_Work item_
Among the lines below, the one containing "Top Japanese Electronics" opens the range and the one containing "BMW X4 M40d" closes it. Print that range exactly, without the pictures.

⁂

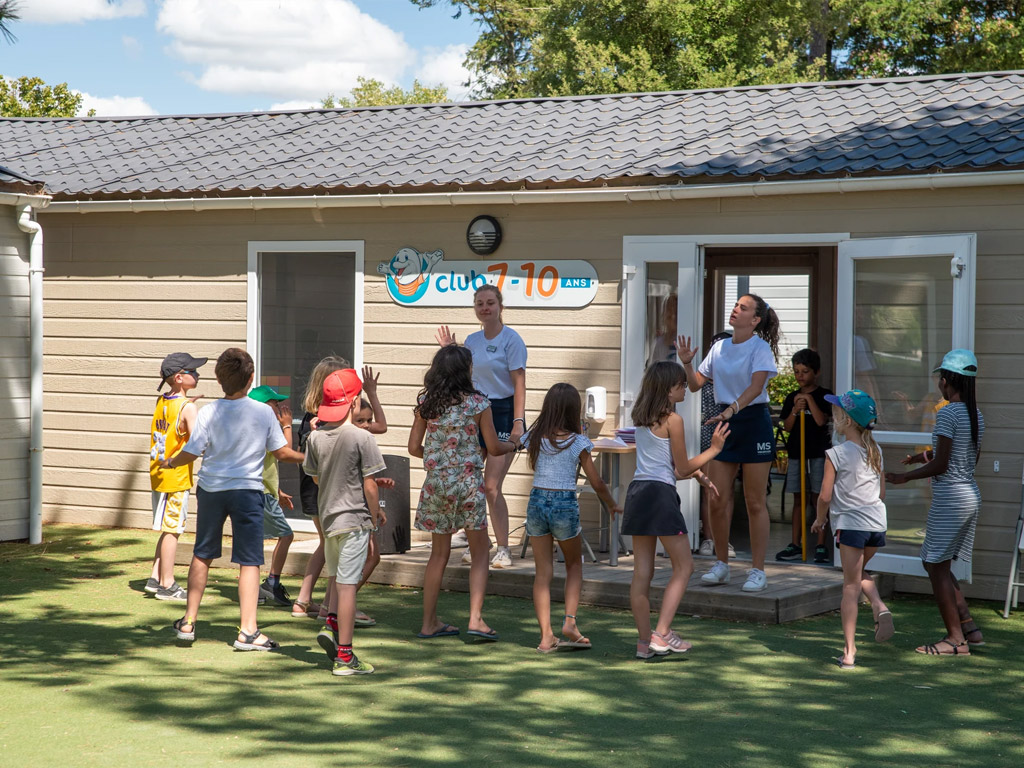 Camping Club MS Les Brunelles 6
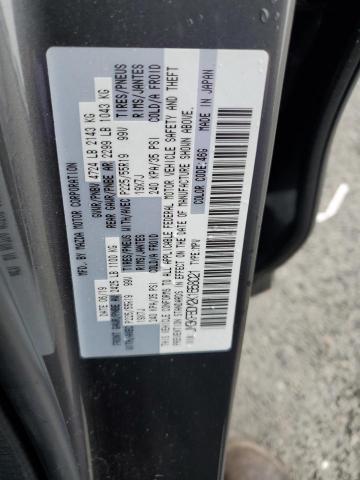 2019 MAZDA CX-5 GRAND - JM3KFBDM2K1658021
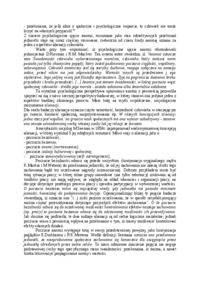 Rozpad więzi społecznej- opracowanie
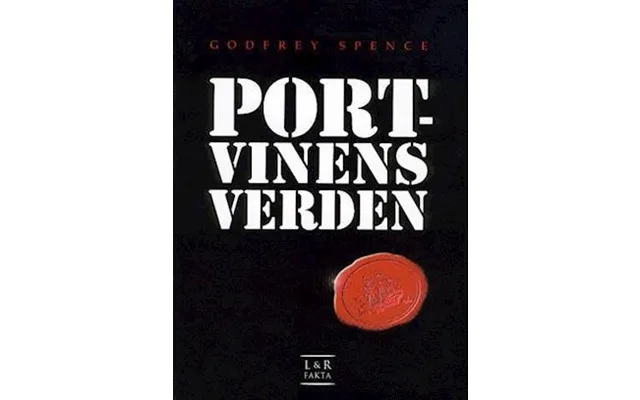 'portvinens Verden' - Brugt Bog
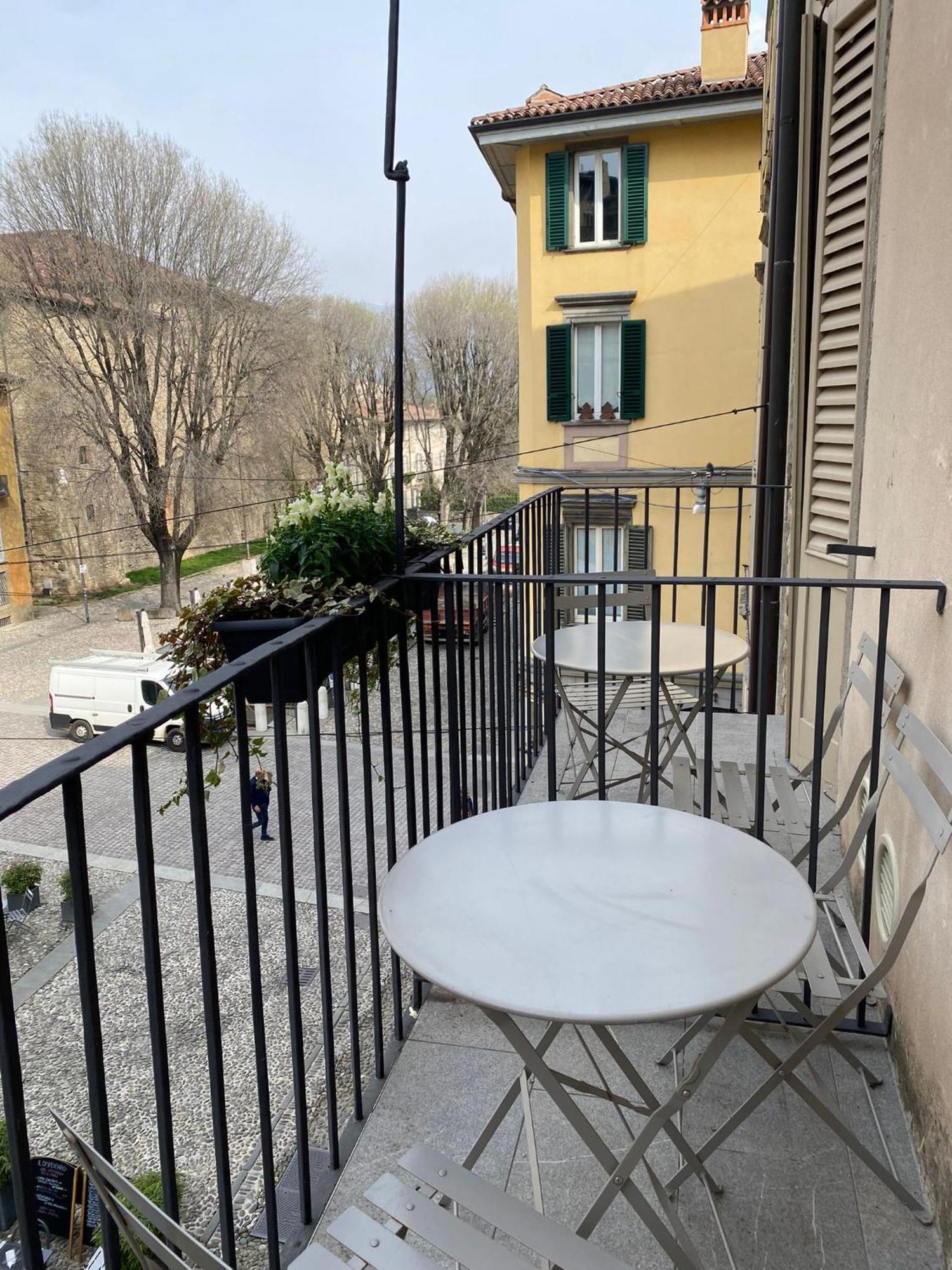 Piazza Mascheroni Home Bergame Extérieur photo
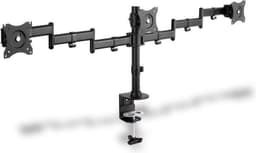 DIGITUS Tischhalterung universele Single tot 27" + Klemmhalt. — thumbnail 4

⁂

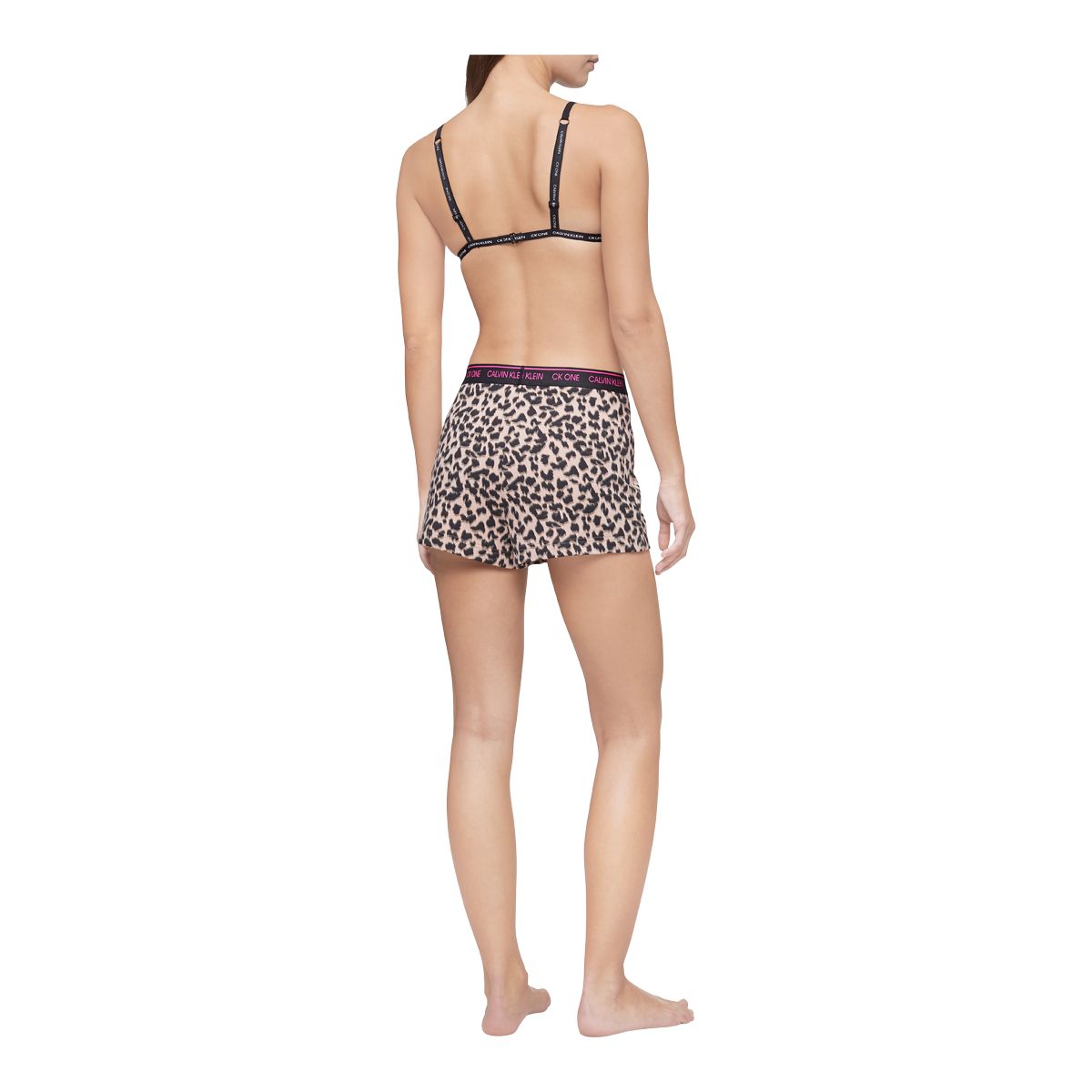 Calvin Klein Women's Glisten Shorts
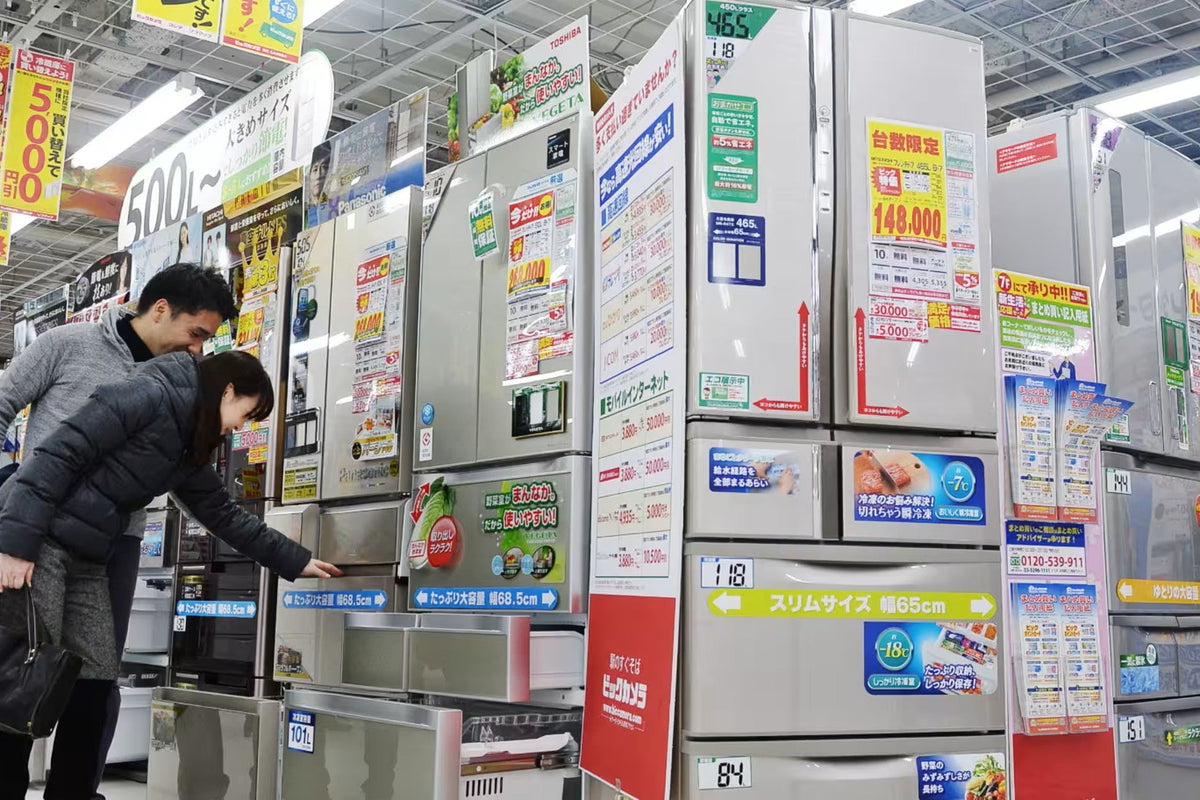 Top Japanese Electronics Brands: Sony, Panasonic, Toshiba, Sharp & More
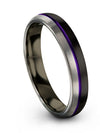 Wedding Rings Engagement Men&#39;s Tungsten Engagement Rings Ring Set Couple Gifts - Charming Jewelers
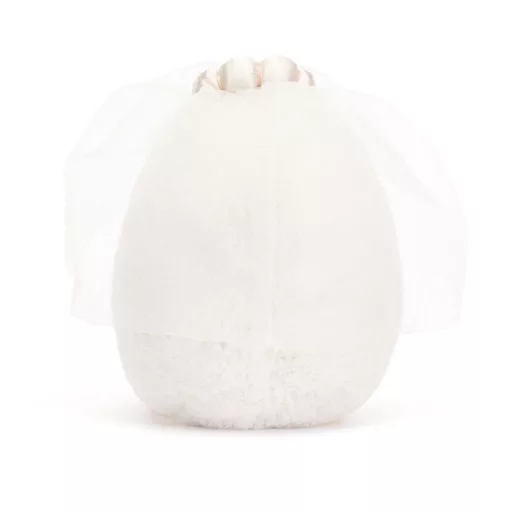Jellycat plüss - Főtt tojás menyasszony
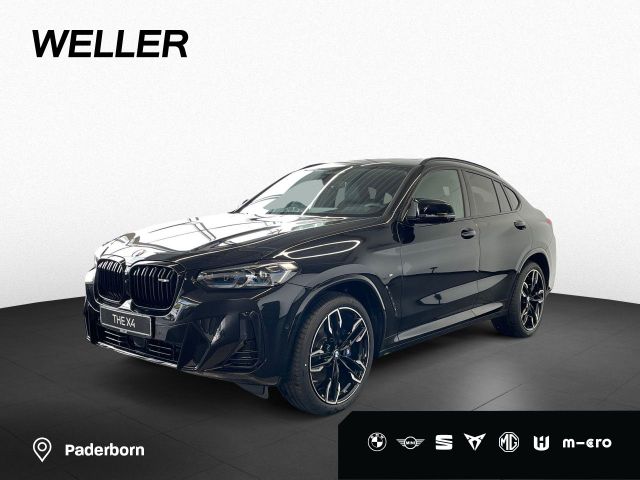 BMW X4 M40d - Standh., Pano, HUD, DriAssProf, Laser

⁂

_Answer space_
 Top Japanese Electronics Brands: Sony, Panasonic, Toshiba, Sharp & More
 Wedding Rings Engagement Men&#39;s Tungsten Engagement Rings Ring Set Couple Gifts - Charming Jewelers
Jellycat plüss - Főtt tojás menyasszony
 BMW X4 M40d - Standh., Pano, HUD, DriAssProf, Laser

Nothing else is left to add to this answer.